The regulation will be valid for every organization that holds, manages or processes European customers’ information. There are many of these in Israel, including companies from the high-tech and financial sectors.
- Application and Cloud Infrastructure Security
The cloud-incorporated security services allow organizations to consume the same defenses and information security solutions taken locally only with a better business model, based on use and consumption.
The accessibility of the best solutions in addition to convenient business and technical model will improve the organization’s information security.
- DDoS-IoT Attacks
IoT devices are on the rise but not the security solutions. Vulnerabilities in the devices that flood the market make them easy targets. Any device connected to the net is under a hacking risk. The cellular and internet suppliers must also consider the risk brought about by home IoT devices. Businesses and communications suppliers should verify that they have got the strategy to confront DDoS attacks and a clear plan in case they are attacked.
- Applications Security, Mainly API
The rise of mobile applications, IoT etc. gave a boost to the use of API as a convenient means to link, consume and share information over the net in all fields. Inter-organizational processes are also starting to use API and many teams use it for the automation of infrastructure, network and information security.

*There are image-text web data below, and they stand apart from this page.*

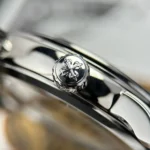 Super Clone Patek Philippe Steel — clasp and links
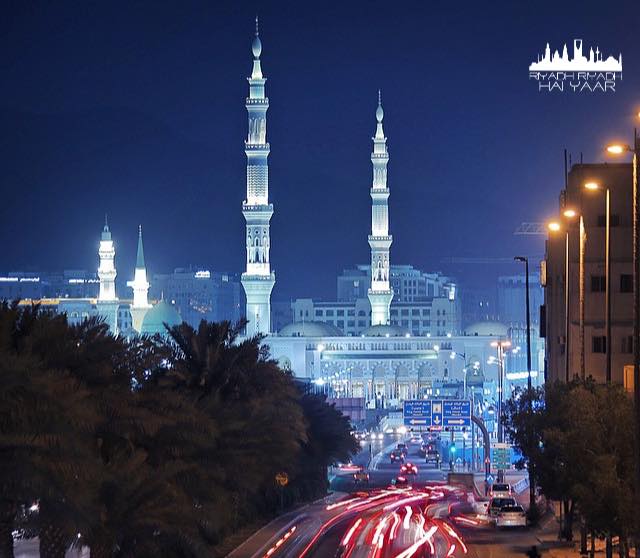 PakistanNature1's tweet photo. Beautiful View of #MadinaSharif
#IslamicState #IslamicPower #LongLiveMadina #Makkah https://t.co/zQcxaQxbHP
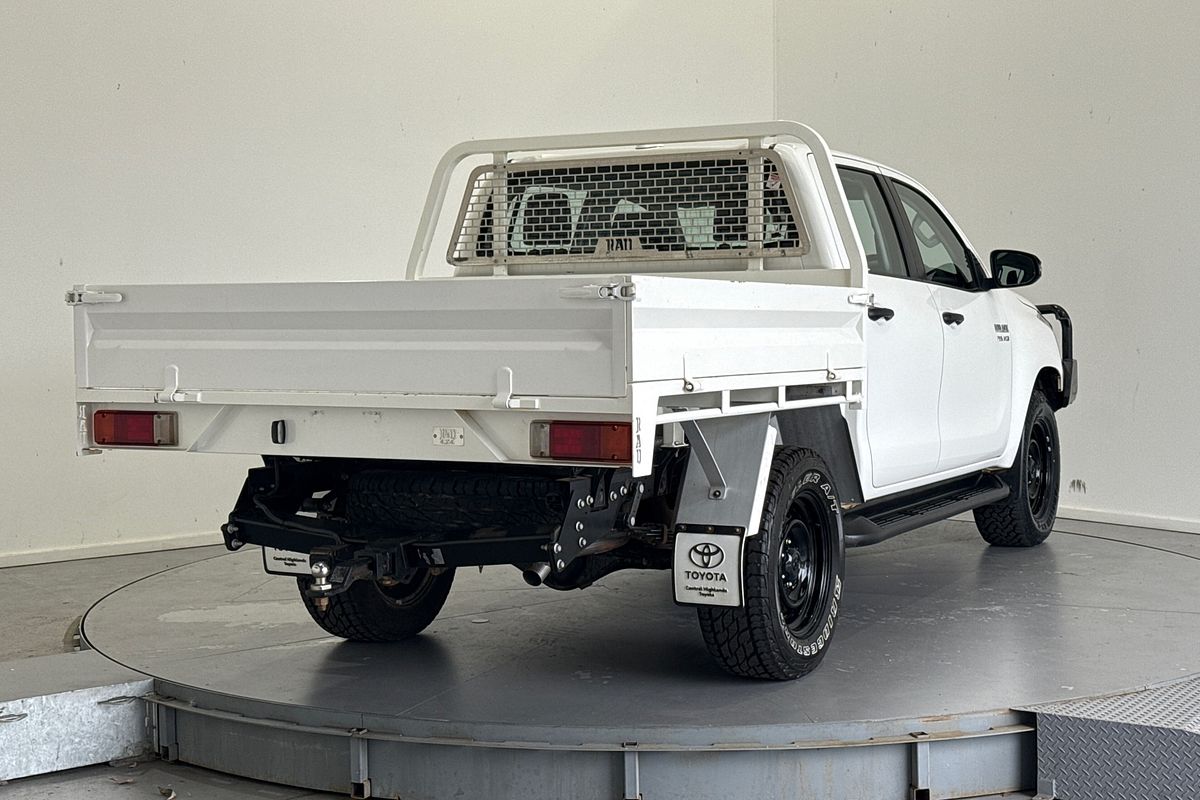 2022 Toyota Hilux SR GUN126R 4X4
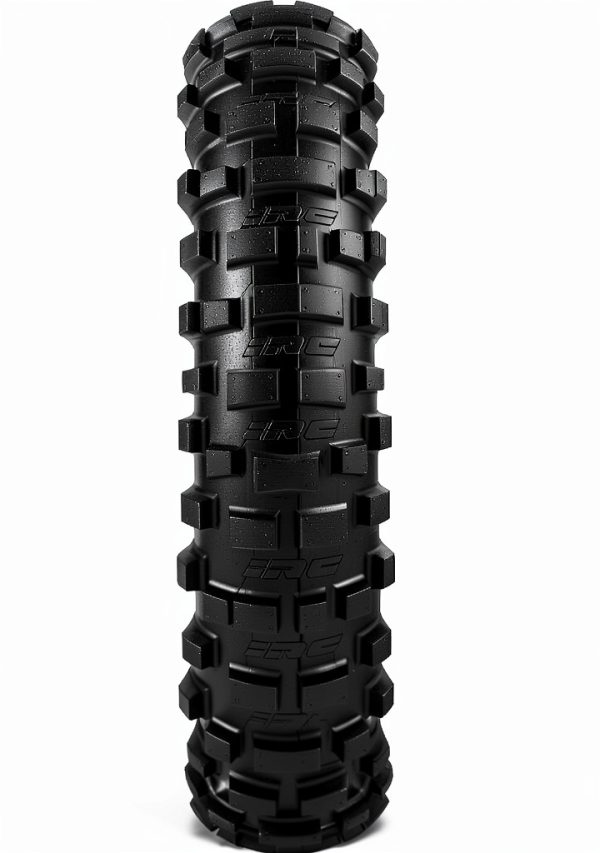 IRC Kids Rear Tire 80/100-12 Bias Traction-0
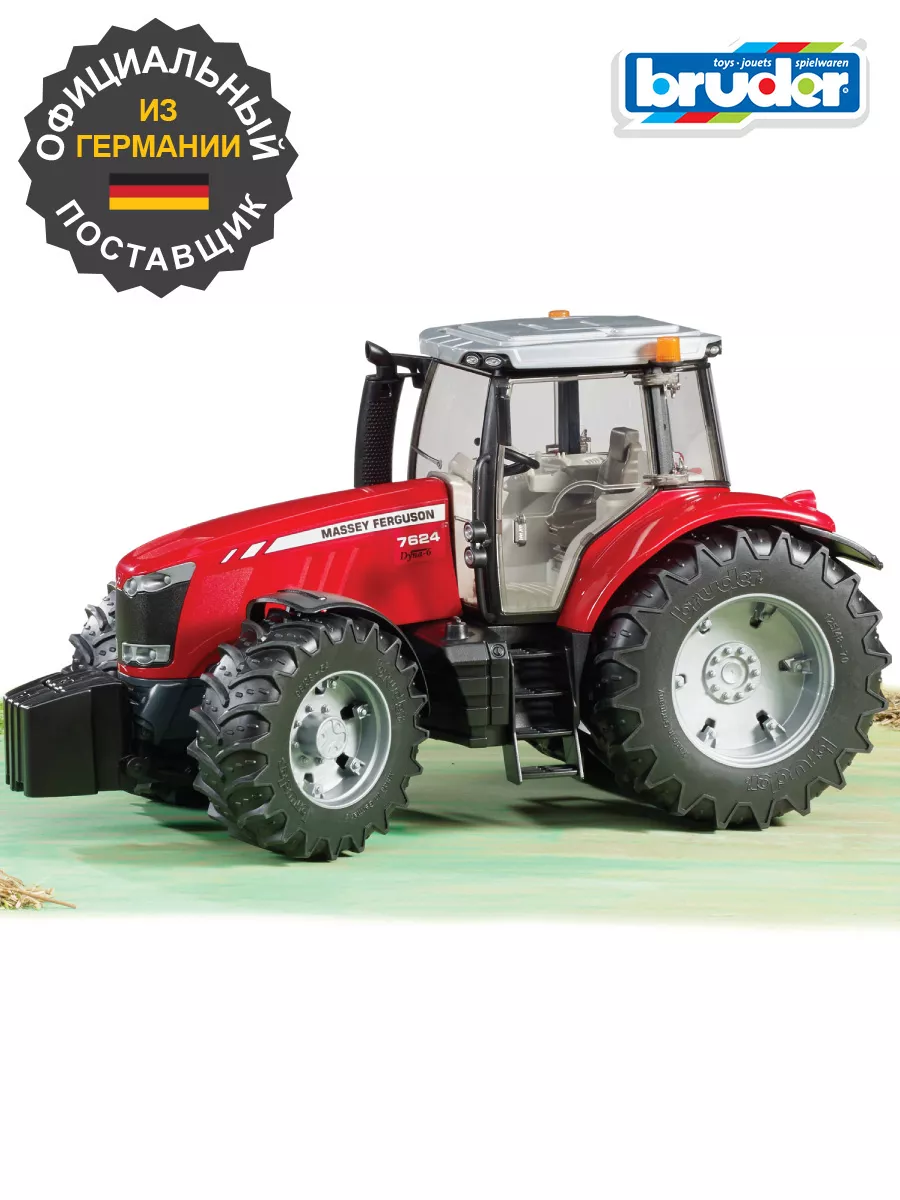 Трактор Massey Ferguson 7600 Bruder 15594139 купить за 5 514 ₽ в  интернет-магазине Wildberries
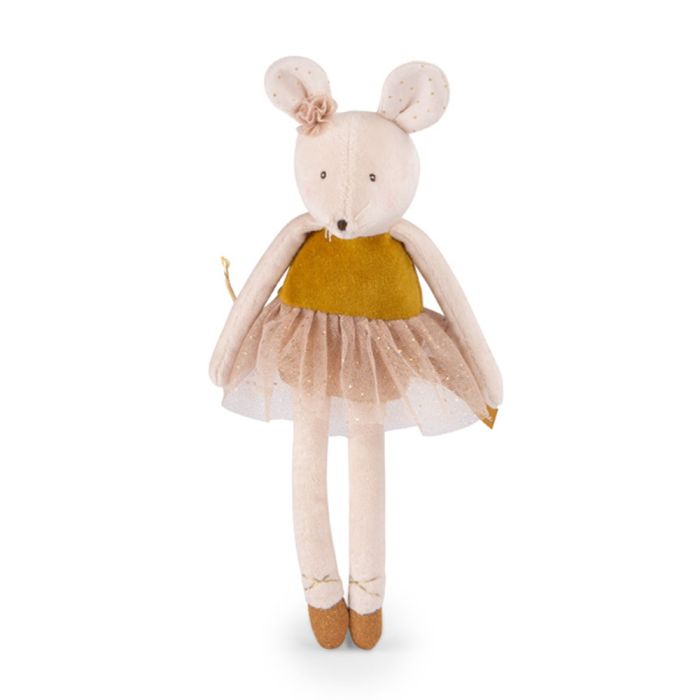 Bambola di Stoffa Topina Oro main product photo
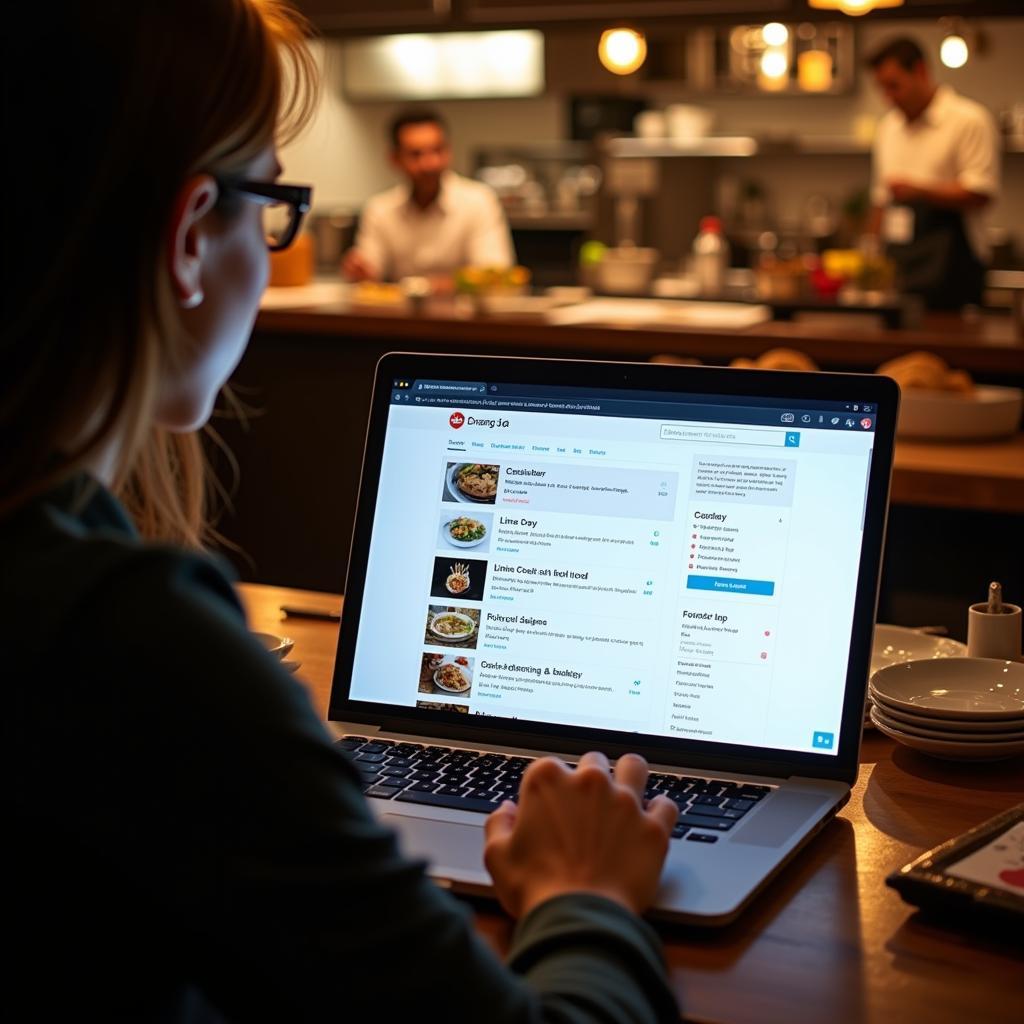 Finding Key Food Jobs Online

This shift brings about many security challenges – from the accessibility to the API, e.g. identification, secure connection, to the breaching and the exposure of sensitive information through it.
Organizations should acknowledge the changing trends and make effort to incorporate them in their business plans. Adopting relevant trends will increase organizations efficiency in operating new services and will contribute to the accomplishment of their growth targets while confronting future risks. It is possible to improve 2017’s chances to be a successful year from information security point of view.